En partie, je l’explique avec ce que je nomme le syndrome Astérix. Ma génération est née avec le petit guerrier gaulois. Sur de nombreuses planches d’Albert Uderzo, Astérix et Obélix rentrent de la forêt des Carnutes avec un empilement de casques romains. Peut-être ai-je voulu imiter ‘‘nos ancêtres’’, lorsque je meublais de casques à pointes ma chambre d’adolescent, sans la bénédiction familiale. Loin s’en faut. Depuis, j’ai continué. De plus, si on rencontre beaucoup de militaires dans ma famille, aux générations précédentes, la demeure familiale n’avait conservé aucun de leurs bibelots. En collectionnant, par exemple, ce drapeau jonquille et bleu (Philippe désigne de la main un fanion du 11e BCA à la cimaise), je rendais en quelque sorte les honneurs à ceux que je n’avais pas connus.
Diane, la chasse : quel est alors le trait d’union avec Mars ?
Les armes font le trait d’union entre les souvenirs militaires et la chasse. Quand, très souvent par détournement après un conflit, une arme de guerre officie à la chasse.
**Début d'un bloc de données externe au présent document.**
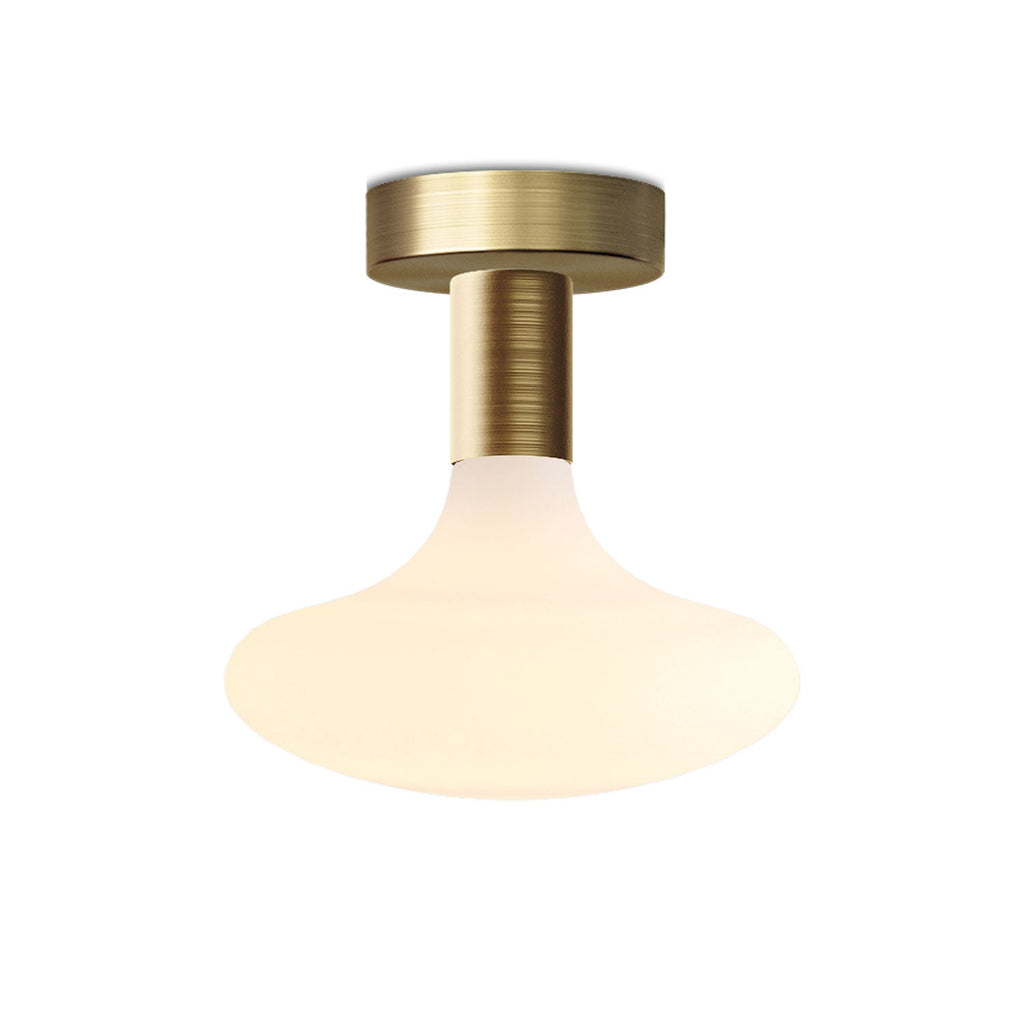 Fermaluce-Lampe aus Metall mit Idra-Leuchtmittel – Satiniertes Bronze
Le fusil Mauser 98, devenu carabine de chasse en changeant de destination, en est l’un des exemples marquants.
Êtes-vous chasseur ?
Dans ma famille, même en remontant à deux générations, on ne trouve pas
la moindre trace d’un chasseur. À mes yeux, la recherche d’une bécasse avec Opus, mon épagneul, comme l’approche d’un isard en Ariège, symbolise nos derniers espaces de liberté. En vivant ces émotions, l’homme peut retrouver l’instinct originel. La chasse est d’ailleurs le sujet de la première expression artistique de l’humanité. Je profite de l’occasion que vous m’offrez pour remercier mon mentor, Blaise Prud’hon, de m’avoir conseillé la lecture de René Chambe, lui qui sut si bien retranscrire les plaisirs de la chasse dans Propos d’un vieux chasseur de coqs.
Vous citez Blaise Prud’hon. Qui sont vos autres artistes de cœur ?
Nous venons de clore l’exposition ‘‘Entre chien et loup’’ inaugurée le 28 novembre dernier. Une sélection d’objets anciens, comme des boutons de vénerie ou des dagues, présentés parallèlement aux œuvres d’artistes contemporains, a servi à illustrer cette exposition. Une gravure de Blaise représentant la tête d’un loup illustrait le carton d’invitation. En plus de Blaise Prud’hon, cinq autres artistes animaliers contemporains s’exposent en permanence À Diane et Mars. Taisiia Cherkasova, Julie Salmon, Catherine Farvacques, Patrick Allain et François Beaurin-Berthélemy. Leurs œuvres sont à voir ou revoir par l’intermédiaire du site À Diane et Mars. C’est une réelle fierté d’être le dépositaire de leur confiance.